José María Torre (born José María Torre Hütt on November 4, 1977, in San Salvador, El Salvador) is a Mexican Salvador-born actor and fashion designer known for his roles in telenovelas. He is the brother of Fátima Torre and Andrea Torre. He started his career at the age of five doing television commercials.

Biography
Born in San Salvador, El Salvador into a large family, that encompasses four brothers and six sisters, two of them are actresses: Andrea and Fátima. Jose María is Catholic.

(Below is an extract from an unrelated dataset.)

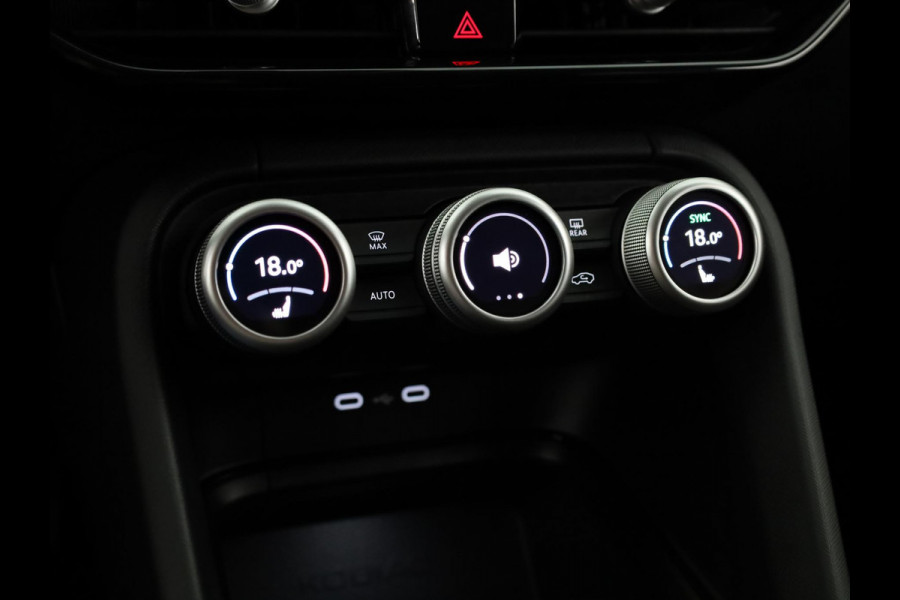 Škoda Kodiaq 1.5 TSI MHEV Business Edition 7p. | Derde zitrij | Light & view | Elek. stoel | 19 inch |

He started his acting career when his family moved to Mexico City at the age of 5 years old doing commercials. At age 12, he obtained a small role in the telenovela Yo compro esa mujer, playing the child version of Alejandro (Eduardo Yáñez). Later that year, he also appeared in Amor de nadie starred by Lucía Méndez. Three years later, he played the character of Lucero's brother in Los parientes pobres. In 1994, he also starred in Agujetas de color de rosa and also performed two songs for the telenovela's soundtrack: "Siempre estarás en mí" (duet with Irán Castillo) and "Cruce de sonrisas". Since then, he has made more than ten telenovelas with Televisa. In addition to his acting career, he also pursued fashion design; he released his line of clothes on October 27, 2005.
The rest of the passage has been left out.